Invert the tube 10 times to mix after spinning again, aspirate the supernatant without dislodging the pellet and use 500 microliters of 70%ethanol to wash the pellet. After removing the supernatant use 75 microliters of 10 millimolar triss pH 7.4 to resuspend the pellet and vortex to mix. After diluting the DNA one to 10 aliquot 30 microliters of diluted GDNA into the appropriate well of a source plate for nanoscale acoustic liquid dispensing.
Pre prepare 850 microliters of QPCR master mix in a 1.5 milliliter micro fuge tube and vortex to mix. Then centrifuge a solution at 20, 800 G and room temperature for two minutes to remove any bubbles. Then using a bulk dispenser, dispense 500 nanoliters per well into a 1536 multi-well plate.
Collect the QPCR master mix at the bottom of each well by briefly spinning the plate. Next, using the acoustic liquid transfer system and the details outlined in the text protocol, dispense five nanoliters of diluted GDNA and 10 nanoliters of 50 micromolar premixed forward and reverse primers into the desired wells of the multi-well plate. Acoustic droplet technology uses sound to vertically transfer small volumes of liquid from a source plate to an inverted destination plate.
Here template, DNA and primers are transferred in multiples of 2.5 nanoliter droplets into the wells of a 1536 multi-well plate. In order to set up the QPCR tag reactions. Next, use an optically clear seal and a microplate sealer system to immediately seal the 1536 multi-well plate.

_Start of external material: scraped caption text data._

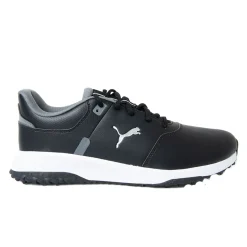 Fusion Smash +-Puma Best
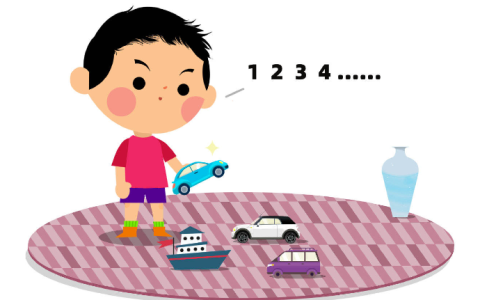 小孩刻板行为包括哪些 儿童刻板行为的原因有哪些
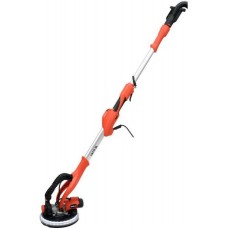 Шлифовальная машина по штукатурке YATO YT-82355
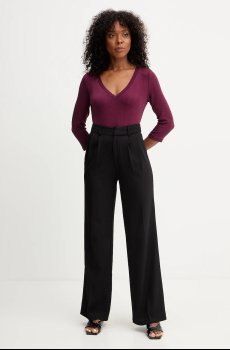 Лонгслив Morgan TIWI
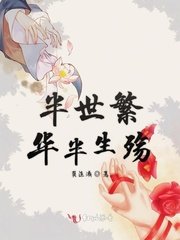 《半世繁华半生殇》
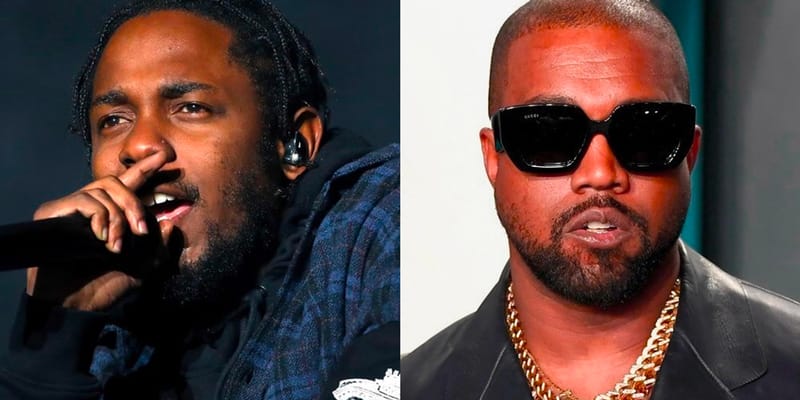 Kendrick Lamar BLACK HIPPY 廃盤 ミックステープ Kendrick Lamar, Jay Rock, Ab-Soul, Schoolboy Q – Black Hippy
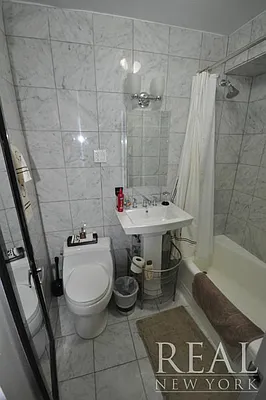 Rented by REAL New York | media 17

Immediately centrifuge the sealed plate at 2000 G at room temperature for three minutes to collect all reagents at the bottom of the well to carry out realtime PCR program, the QPCR instrument, according to the guidelines in the text protocol, and hit run once complete. Verify that all the wells passed the master control, which indicates QPCR master mix was detected in the well. Any well that fails represents a potential false negative data point.
To analyze the data, visually inspect it within the QPCR software and or export the data for processing offline from the instrument. In this experiment, wild type and synthetic chromosome three PCR tag primer pairs were tested with yeast GDNA extracted from four different strains. Two with wild type chromosome three and two that encode a synthetic chromosome.
Three as expected synthetic primers, generally amplified synthetic DNA and not wild type DNA. Similarly wild type primers produced amplicons exclusively from wild type DNA. The observance of a small number of false positives and negatives is expected, and possible sources of these errors are described in the accompanying text protocol.
Once mastered, this technique can be finished in about an hour start to finish. Thanks for watching and good luck with your experiments.
This article describes a high-throughput real-time PCR detection method for PCRTag genotyping, aimed at improving the throughput of the Synthetic Yeast Genome project. The method allows for the differentiation of synthetic chromosomes from their wild-type counterparts without the need for gel electrophoresis.